This might sound a tad harsh but his girth spilled into my own personal space and seat early, and as well as the pungent odor of a professional eater, he also brought his own Whopper onto the plane because he didn’t want to be dangerously malnourished during the flight.  I turned away to my right and tried to get what little sleep I could, balancing the pillow on the raised armrest, jamming it into my eye socket to get some purchase whilst maintaining an unnatural posture because if my backside moved one millimeter towards the remote control housed in the left armrest then the seatrest TV would come on, or even worse, the reading light above my head. It was like taking a flight on Saw Airways.

We landed and were met by our family which is always a delight.

Our itinerary would rival a dignitaries for complexity and demands on our time. Like minor royals, everybody was determined to come and see us, or us them. We averaged a visit a day so apologies if we didn’t get to see you this time around - please submit a request for the 2012 tour and our people will see what they can do.  

The Prices are at least 20 percent higher than we pay in the U.S. Not just because of a Value Added Tax (currently 20 percent in the UK) but also general rises in the three years since we’ve been. Gas is still just over $9 a gallon, so think on that before you start complaining that $3.20 is far too much!

Christmas Day itself was a blur, especially for Vincent who was delighted to get a couple of tractors and a new Cars 2 racing car in his first two presents. He would have played with them before my dad pointed out the mountain of presents piled up on the couch behind him!  It’s worth a years wait to hear his surprise and delighted squeal.
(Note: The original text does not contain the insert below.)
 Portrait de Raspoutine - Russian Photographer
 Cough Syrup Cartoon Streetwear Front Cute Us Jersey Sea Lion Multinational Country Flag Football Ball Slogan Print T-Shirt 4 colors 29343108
We gave and received some nice presents ourselves and spent the rest of the day eating and trying to solve the centuries-old riddles that masquerade as toy instructions.

The day after Christmas, Boxing Day, in the UK is a national holiday, as it should be here and  was a more authentic experience for yours truly as my cousins and their families arrived and the men were able to take themselves off to the soccer match. Football (soccer if you must) is what College Football is to the South East in England - all encompassing and a vessel for men to communicate with one another. My team, Middlesbrough play in the league below the EPL and have been performing over and above themselves this year which puts me in the dangerous position of starting to believe that they might get promoted. When you don’t quite believe then every win is a delight and every defeat is a minor setback, as opposed to the end of the world. Now the situations are reversed.  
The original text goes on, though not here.